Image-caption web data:
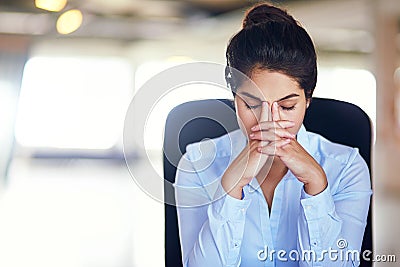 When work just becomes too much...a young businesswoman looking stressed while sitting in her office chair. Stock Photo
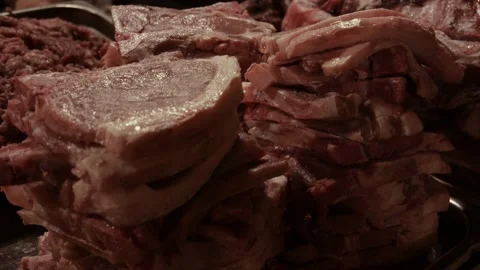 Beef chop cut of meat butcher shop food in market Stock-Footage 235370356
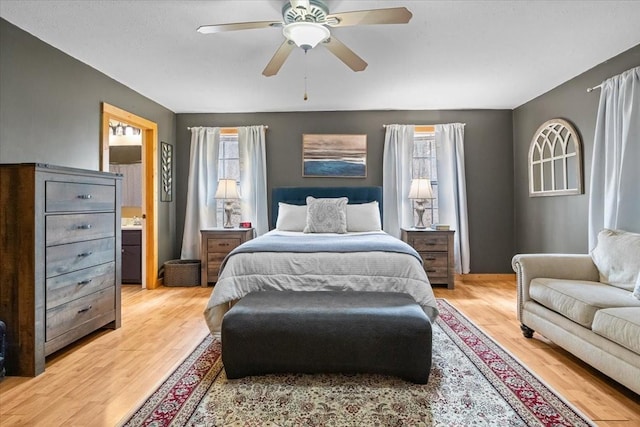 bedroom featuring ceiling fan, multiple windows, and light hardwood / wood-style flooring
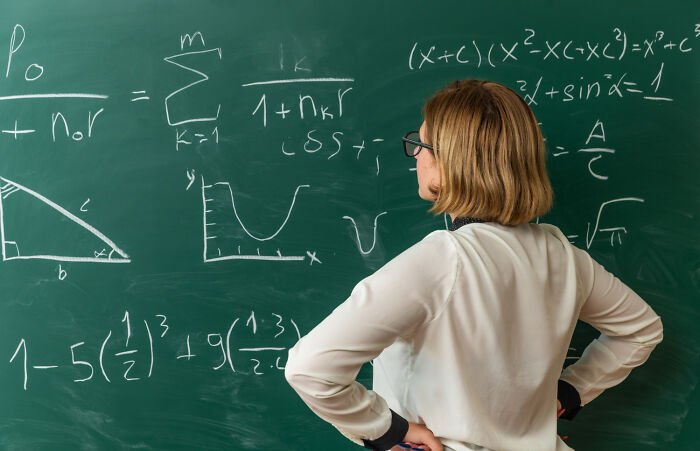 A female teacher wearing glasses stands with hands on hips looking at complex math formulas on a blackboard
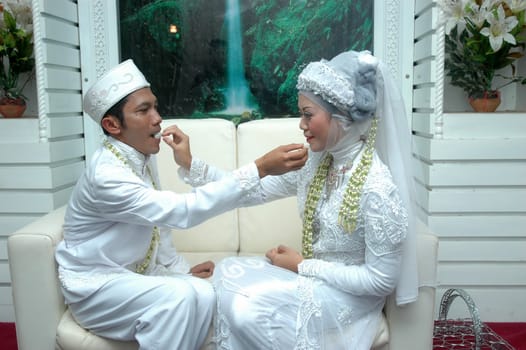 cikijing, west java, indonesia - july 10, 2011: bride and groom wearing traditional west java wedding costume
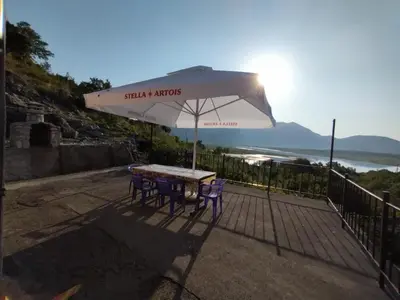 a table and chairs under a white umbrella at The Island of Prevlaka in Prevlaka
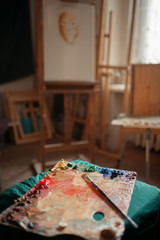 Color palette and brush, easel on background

Work instruction: Your answer must be an exact copy of every entry, with no pictures in it.

Task response:
 When work just becomes too much...a young businesswoman looking stressed while sitting in her office chair. Stock Photo
 Beef chop cut of meat butcher shop food in market Stock-Footage 235370356
 bedroom featuring ceiling fan, multiple windows, and light hardwood / wood-style flooring
 A female teacher wearing glasses stands with hands on hips looking at complex math formulas on a blackboard
 cikijing, west java, indonesia - july 10, 2011: bride and groom wearing traditional west java wedding costume
 a table and chairs under a white umbrella at The Island of Prevlaka in Prevlaka
 Color palette and brush, easel on background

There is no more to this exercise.